Skip to content

ClickHouse

The @effect/sql-clickhouse package provides ClickHouse support for Effect SQL. ClickHouse is a column-oriented database optimized for analytics and OLAP (Online Analytical Processing) workloads.

Installation

bash
npm install @effect/sql @effect/sql-clickhouse

Basic Setup

typescript
import { Effect } from "effect"
import { SqlClient } from "@effect/sql"
import { ClickhouseClient } from "@effect/sql-clickhouse"

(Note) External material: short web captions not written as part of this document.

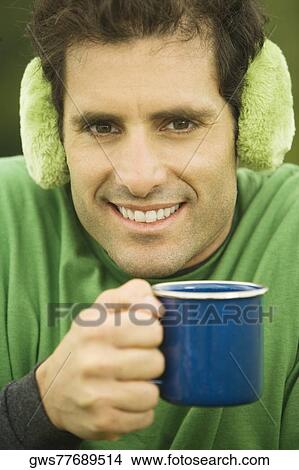 Portrait of a mid adult man holding a coffee cup smiling View Large Photo Image Picture - Portrait of a mid adult man holding a coffee cup smiling. Fotosearch
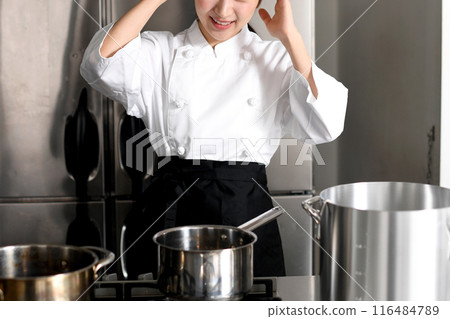 Young chef asian woman having trouble in the kitchen 116484789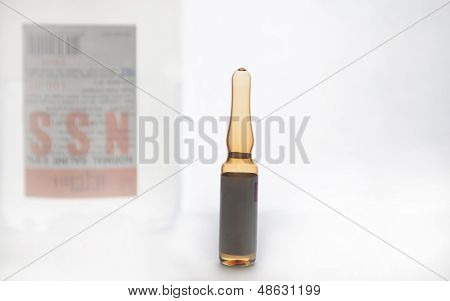 Brown Ampule On Normal Saline Background Show Injection Concept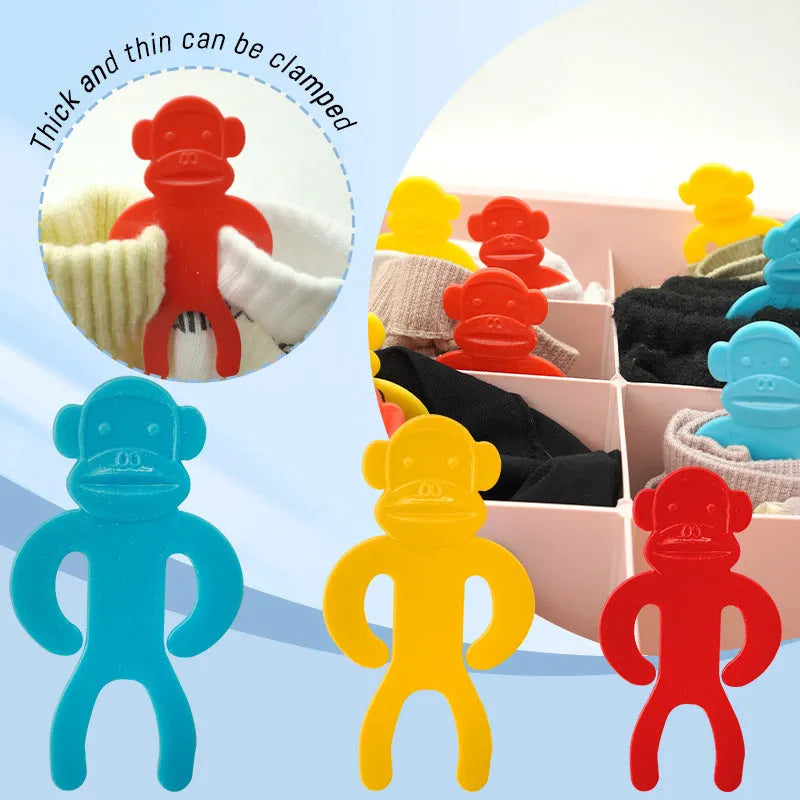 Plastic sock clips in blue, red and yellow for machine wash organisation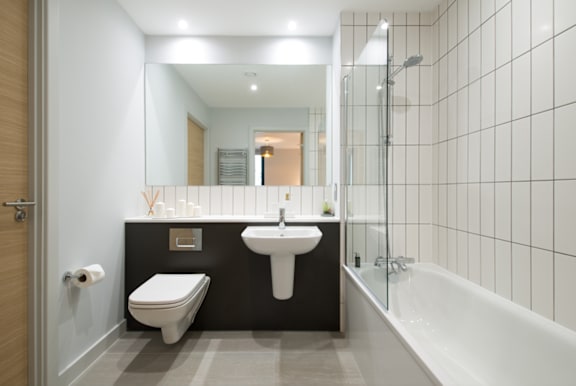 A white sink is on a black countertop in a bathroom.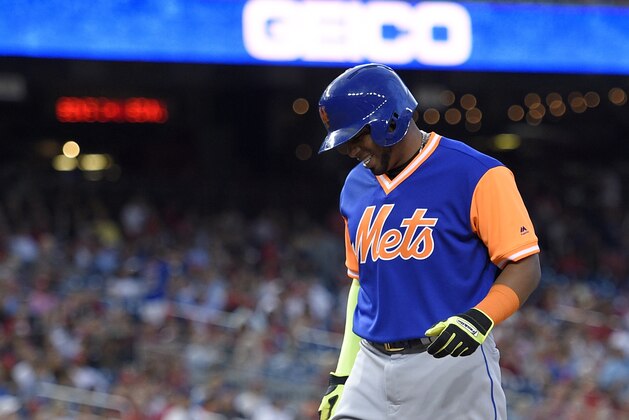 New York Mets' Yoenis Cespedes reacts during the first inning of a baseball game against the Washington Nationals, Friday, Aug. 25, 2017, in Washington. Cespedes left the game with an injury. (AP Photo/Nick Wass) New York Mets' Yoenis Cespedes reacts during the first inning of a baseball game against the Washington Nationals, Friday, Aug. 25, 2017, in Washington. Cespedes left the game with an injury. (AP Photo/Nick Wass)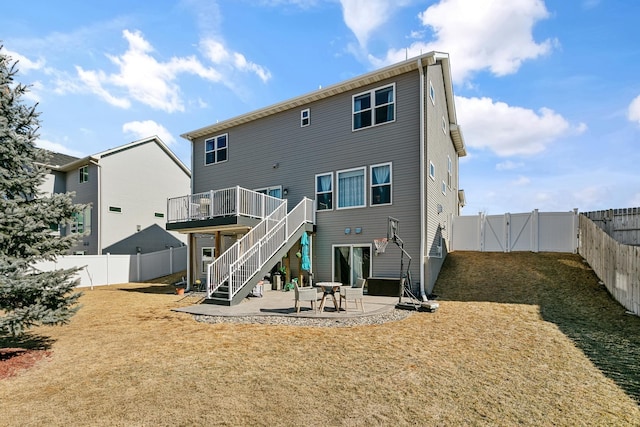 rear view of house featuring a deck, a fenced backyard, stairway, a gate, and a patio area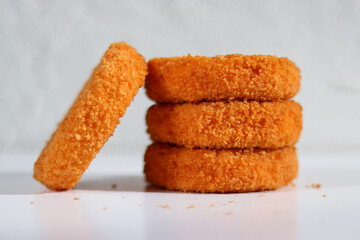 A stack of fried camembert on white background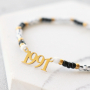Sie k&ouml;nnen diesen Schmuck mit den neuen Stainless Steel Jahreszahlen Zwischenst&uuml;cken herstellen: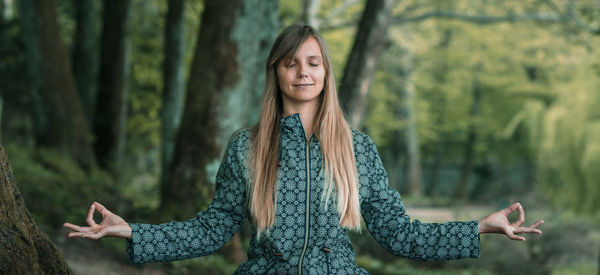 Close-up of woman doing yoga against trees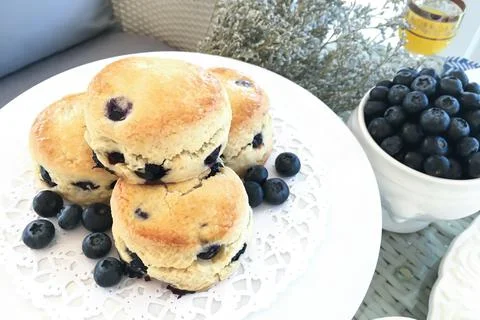 Close-up blueberry scones and some blueberries on the rattan table. Stock Photos
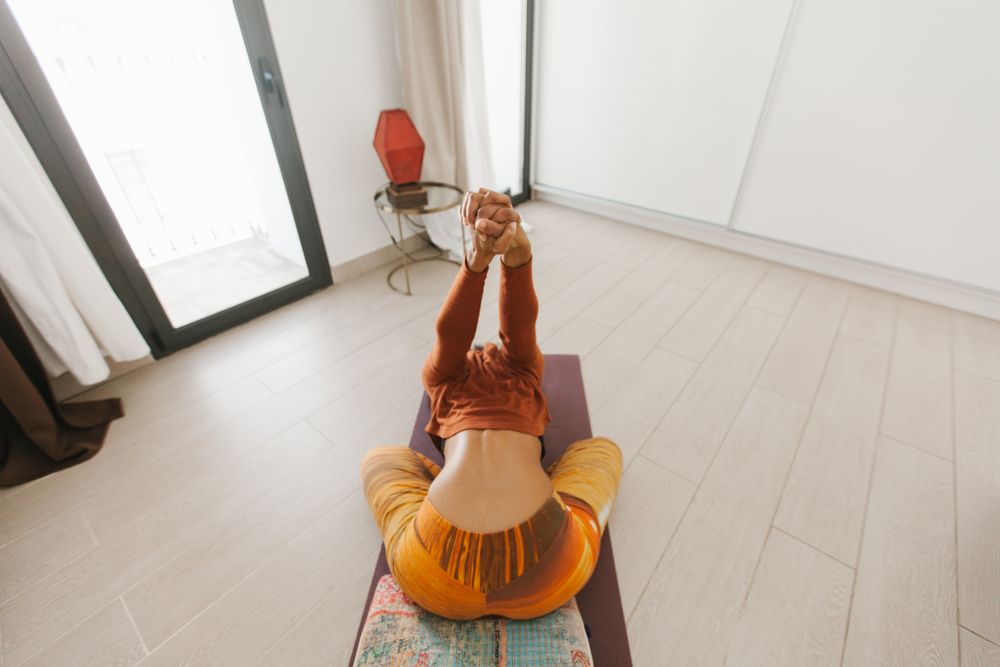 Anonymous sportive woman on the floor in yoga pose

const DatabaseLive = ClickhouseClient.layer({
  host: "localhost",
  port: 8123,
  database: "analytics",
  username: "default",
  password: Redacted.make("")
})

const program = Effect.gen(function* () {
  const sql = yield* SqlClient.SqlClient
  const events = yield* sql`SELECT * FROM events LIMIT 100`
  return events
})

Effect.runPromise(program.pipe(Effect.provide(DatabaseLive)))

Configuration Options

typescript
import { Redacted, Duration } from "effect"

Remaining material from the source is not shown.